__Action item__
Which of the lines in the data mention the string "Medium"? List them all.

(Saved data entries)
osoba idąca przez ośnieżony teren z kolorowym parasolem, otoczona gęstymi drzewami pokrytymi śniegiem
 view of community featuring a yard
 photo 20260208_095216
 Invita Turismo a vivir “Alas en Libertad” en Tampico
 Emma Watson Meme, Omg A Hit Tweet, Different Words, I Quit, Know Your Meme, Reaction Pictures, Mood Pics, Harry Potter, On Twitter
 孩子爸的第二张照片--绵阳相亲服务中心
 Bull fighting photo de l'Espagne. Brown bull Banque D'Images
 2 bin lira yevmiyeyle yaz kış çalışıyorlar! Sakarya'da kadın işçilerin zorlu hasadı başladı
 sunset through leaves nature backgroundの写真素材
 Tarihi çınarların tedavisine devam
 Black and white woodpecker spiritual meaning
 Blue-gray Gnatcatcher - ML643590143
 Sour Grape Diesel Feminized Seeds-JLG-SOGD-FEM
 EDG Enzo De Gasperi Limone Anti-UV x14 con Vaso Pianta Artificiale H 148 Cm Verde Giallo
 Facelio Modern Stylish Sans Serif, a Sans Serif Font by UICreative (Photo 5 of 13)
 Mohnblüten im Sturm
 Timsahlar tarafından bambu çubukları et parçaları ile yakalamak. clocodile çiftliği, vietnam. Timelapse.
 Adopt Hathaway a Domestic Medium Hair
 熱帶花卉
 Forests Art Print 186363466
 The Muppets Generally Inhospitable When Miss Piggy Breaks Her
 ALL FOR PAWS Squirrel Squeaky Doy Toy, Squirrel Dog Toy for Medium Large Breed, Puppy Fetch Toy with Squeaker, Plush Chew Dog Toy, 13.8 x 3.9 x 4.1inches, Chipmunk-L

__Expected output__
 Adopt Hathaway a Domestic Medium Hair
 ALL FOR PAWS Squirrel Squeaky Doy Toy, Squirrel Dog Toy for Medium Large Breed, Puppy Fetch Toy with Squeaker, Plush Chew Dog Toy, 13.8 x 3.9 x 4.1inches, Chipmunk-L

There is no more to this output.